A una settimana dal voto, la Le Pen, il cui partito i sondaggi danno al primo posto in Francia con una media del 23%, deve già guardare a che cosa accadrà dopo una mobilitazione così ingombrante. Ce lo spiega al termine di una tappa a Les Andelys, un paesotto da cartolina nella valle della Senna, dove alla pacifica vita di provincia si aggiunge la crisi del lavoro e dell’identità sociale, a cui la ricetta del Front National offre evidentemente qualcosa a cui aggrapparsi, non solo per ragioni di appartenenza ideologica.
«Per prima cosa dovremo costituire un gruppo parlamentare – ci spiega -. Stiamo lavorando con molte altre forze, il Vlams Belaang belga, la Lega Nord e Fratelli d’Italia, il Pvv olandese e altri, ma non con partiti come Alba Dorata. Aspettiamo le elezioni e vedrete. Il secondo impegno sarà subito quello di bloccare il trattato di libero scambio fra l’Ue e gli Usa, dobbiamo difendere la nostra agricoltura, le nostre imprese, il nostro commercio».
Se questa galassia di forze di destra saprà andare d’accordo, potrebbe essere la terza incomoda dietro a Socialisti e Popolari. «Qui – continua la presidente del Fn – c’è una nazione che vuole essere un popolo libero. Tutte le nazioni europee oggi hanno un sentimento di ostilità verso l’Ue, che io chiamo Unione sovietica europea. Anche la Lega ha cambiato la sua visione e ha preso coscienza che l’Europa e l’euro sono un fastidio, la stessa linea del Front National: siamo felici di aver contribuito a far aprire gli occhi non solo ai francesi ma anche agli altri popoli europei». Per la Le Pen sta «tornando l’Europa dei popoli», che poi certo potranno stare insieme ma in una «cooperazione libera» dai vincoli di una struttura considerata solo burocrazia al servizio della finanza internazionale. «C’è da parte nostra molta attenzione e anche dolore – aggiunge per esempio rivolgendosi a una troupe della tivù di Atene – nel vedere come sono stati trattati dall’Ue popoli amici come quello greco».
I suoi sostenitori, non solo in Francia, vedono nel carisma di Marine Le Pen la possibilità di trasformare l’estrema destra in una forza di governo e in una voce non più marginale nemmeno sul piano dei valori ispirati a quello della nazione.

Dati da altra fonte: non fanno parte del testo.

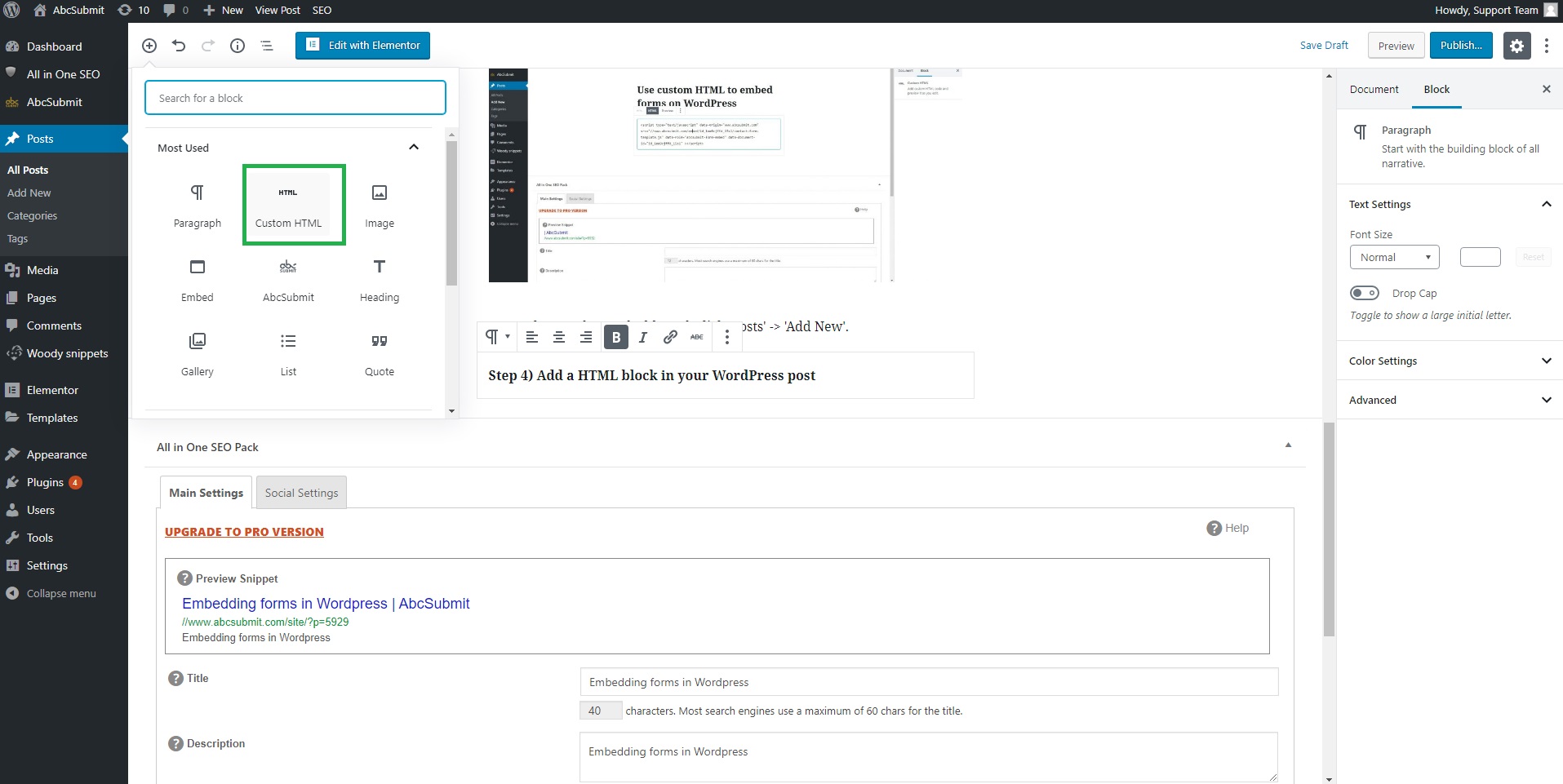 Add an HTML block in your WordPress post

Rispetto a quando la leadership era (fino al 2011) nelle mani del padre Jean-Marie, che pure arrivò al ballottaggio per le presidenziali contro Jacques Chirac nel 2002, il Fn che era nato come forza ispirata al Msi italiano si è dato un volto più presentabile ed esprime diversi sindaci pur rimanendo una forza nazionale di opposizione e di protesta. Quello che oggi sembra dargli un’energia irresistibile è però la prolungata crisi sociale e di fiducia nei confronti del potere e dei partiti tradizionali, a cui il programma del movimento offre una prospettiva di sicurezza.

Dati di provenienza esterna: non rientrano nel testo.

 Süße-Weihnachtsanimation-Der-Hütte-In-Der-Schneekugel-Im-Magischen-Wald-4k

Gli avversari vedono invece la schiera di Marine Le Pen come il pericolo di una deriva neo-fascista che radicalizzi il dibattito politico in Europa con il ritorno del nazionalismo, l’islamofobia, il rifiuto delle diversità portate dell’immigrazione ormai strutturale e su cui la stessa Le Pen ha proposto tempo fa un referendum sul modello di quello celebrato in Svizzera.

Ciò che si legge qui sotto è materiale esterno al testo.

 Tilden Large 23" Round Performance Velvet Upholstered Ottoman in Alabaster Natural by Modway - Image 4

Quanto sia controversa l’ascesa del Front National si è visto bene anche ad Andelys. Giovedì pomeriggio, a dieci giorni dalle Europee. L’appuntamento elettorale con Marine Le Pen è nella sala delle feste lungo la strada principale che taglia in due questo paese di nemmeno 9.000 abitanti a un’ora di macchina da Parigi. Due chilometri più in là, ma pochi lo sanno, gli organizzatori e la polizia preparano l’accoglienza in un’altra sala, più defilata dal centro: è lì che i duecento sostenitori della Le Pen si dirigono a un certo punto di corsa e in ordine sparso per cercare di depistare la quarantina di manifestanti che si era messa dall’altra parte della strada per contestare.
Un ragazzo francese di colore regge una bandiera dell’Ue, gli altri mostrano due striscioni: «Sì all’Europa, no al Fn» e «Il Fn è una minaccia». Fra loro c’è anche l’ex sindaco socialista di Andelys, Laure Dael, che spiega di ritenere l’Europa un’opportunità di progresso anche contro ciò che il Fn rappresenta. Alla fine, i due fronti (pacifici) non si perdono di vista e si ritrovano nel posto giusto. Li divide solo la polizia. Quando la Le Pen arriva, la fanno scendere dall’auto di fronte alla porta d’ingresso, uno dei tanti uomini di scorta tiene in mano anche un ombrello nero nel caso qualcuno le getti qualcosa addosso. Parte solo un coro di “buu” e di fischi, cui risponde un grido corale «Marine, Marine». La sala è stracolma, per l’occasione i simpatizzanti hanno portato torte fatte in casa. Non ci sono lineamenti stranieri, ci sono tante famiglie, anziani pensionati e giovani con grandi tatuaggi, molti vestiti con la tuta da ginnastica. Operai o ex operai, perlopiù.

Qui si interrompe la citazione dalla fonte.